Make sure that you are eating correctly the day before your marathon. You should be eating 75% carbs during your meals – but don’t totally pig out. Many runners think that since they are carbo-loading they can just eat and eat and eat. This can cause discomfort during your race. Just eat the amounts of food that you usually eat – but make sure that they are predominately carbs.
Also, don’t try any foods that you have not eaten before. You may be out of town at a race and want to try new things. The day before the race is not the time to do that. Eat foods that you know agree with you. Save the experimenting with local cuisine for the night after your race.

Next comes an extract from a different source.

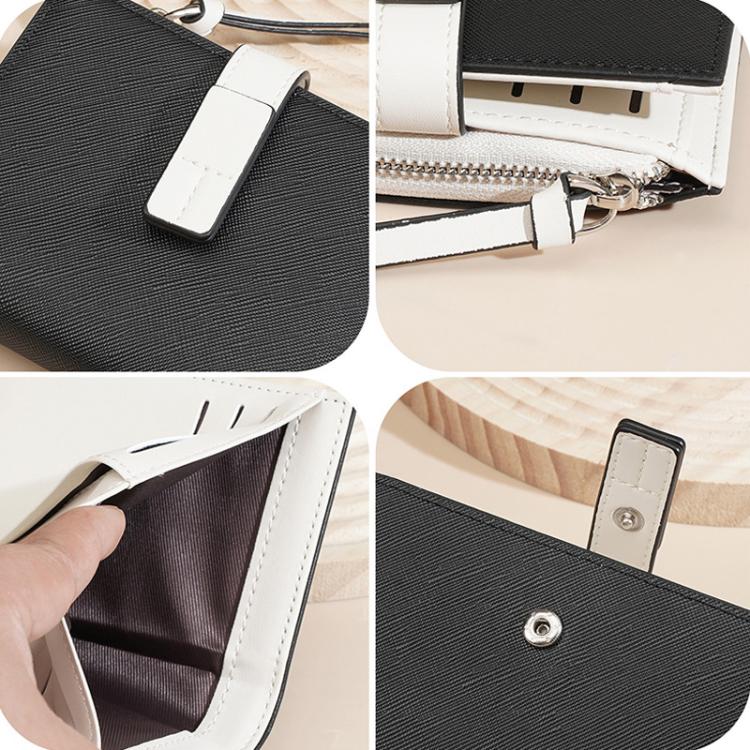 Portafoglio compatto da donna Baellerry N7101 con chiusura a scatto, scomparti multipli per carte e tasca portamonete con cerniera.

Make sure that you are drinking plenty of water the day before your marathon. I generally keep a water bottle with me and drink from it all during the day. Your urine should be clear or very pale. If it’s not – you need to be drinking more.
It’s alright to do a short and easy run to stay loose. Don’t so anything speedy or strenuous. Many runners like to do a mile or two to simply relax. Or, you can go for a nice easy walk.

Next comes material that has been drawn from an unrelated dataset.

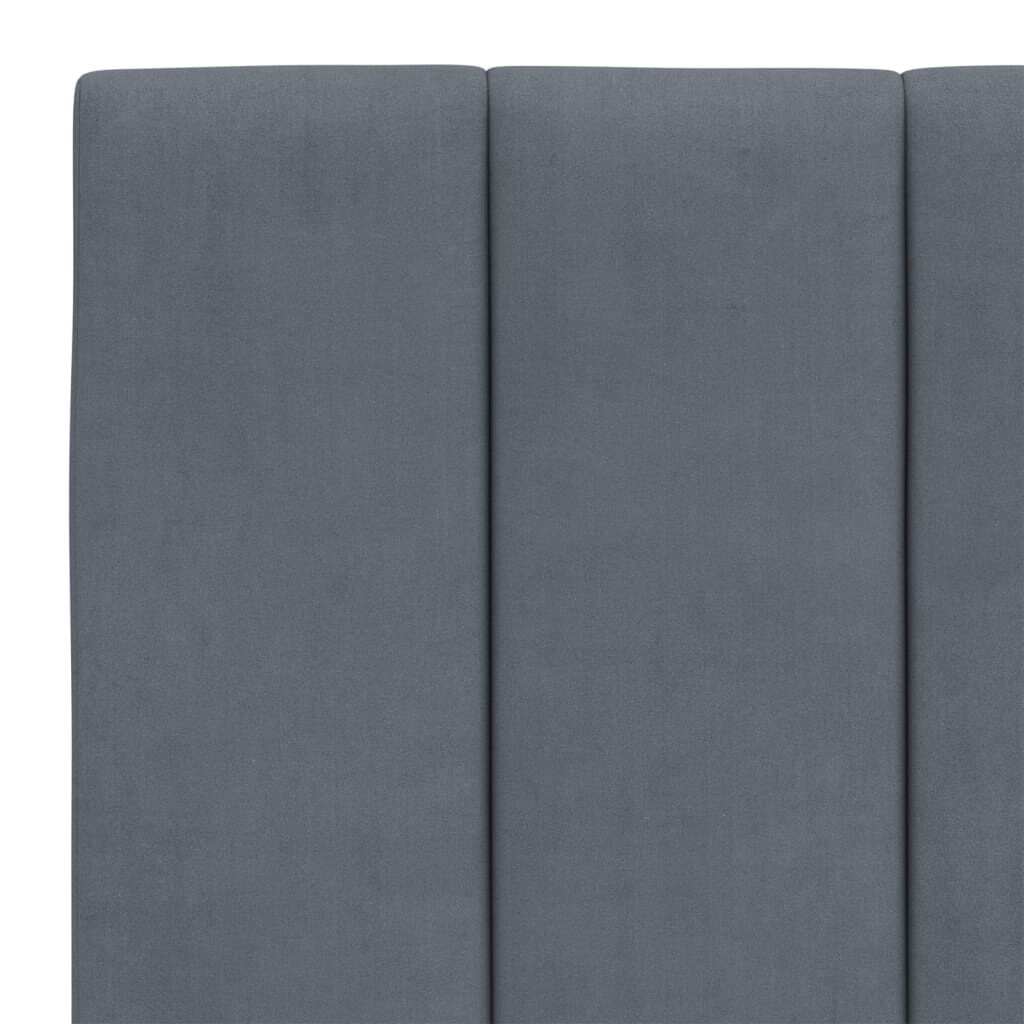 vidaXL Bed Frame with LED without Mattress Dark Grey 137x190 cm Velvet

Try to rest as much as you can. Many larger races have a race expo where you pick up your race packet. It’s tempting to spend a lot of time there walking around and looking at everything. Just don’t tire yourself out and be sure that you are wearing comfortable shoes.

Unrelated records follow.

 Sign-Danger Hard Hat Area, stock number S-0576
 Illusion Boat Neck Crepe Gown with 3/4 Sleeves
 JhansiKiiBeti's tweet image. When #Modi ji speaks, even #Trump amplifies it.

The night before a marathon, make sure that you have everything that you need ready to go. I always have laid out what I plan on wearing with my racing bib already attached to it. If it’s a race that uses timing chips – make sure that it’s properly attached to your shoes. Also, have any energy gels or anything that you plan on carrying in the race ready to go. Having everything ready the night before will help you to rest better and not be scurrying around the morning of the race.
Also, go through the race packet. Look for any pre-race instructions. There should be information in there that will be useful to you. For instance, parking instructions, shuttle information, water stops, etc. are things that you should be aware of. Also, they may have designated areas where you can plan on meeting up with your family afterwards.
The morning of the race, try to plan on arriving about an hour before the race starts. This will give you plenty of time to stretch out and make those port-a-potty stops. If it’s a larger race, those lines can get pretty long. There are many large races where I make my first “stop” come out of the potty and then get right back in line. That way I know that I won’t be stuck in line when the gun goes off – or not be totally “relieved” when the race starts.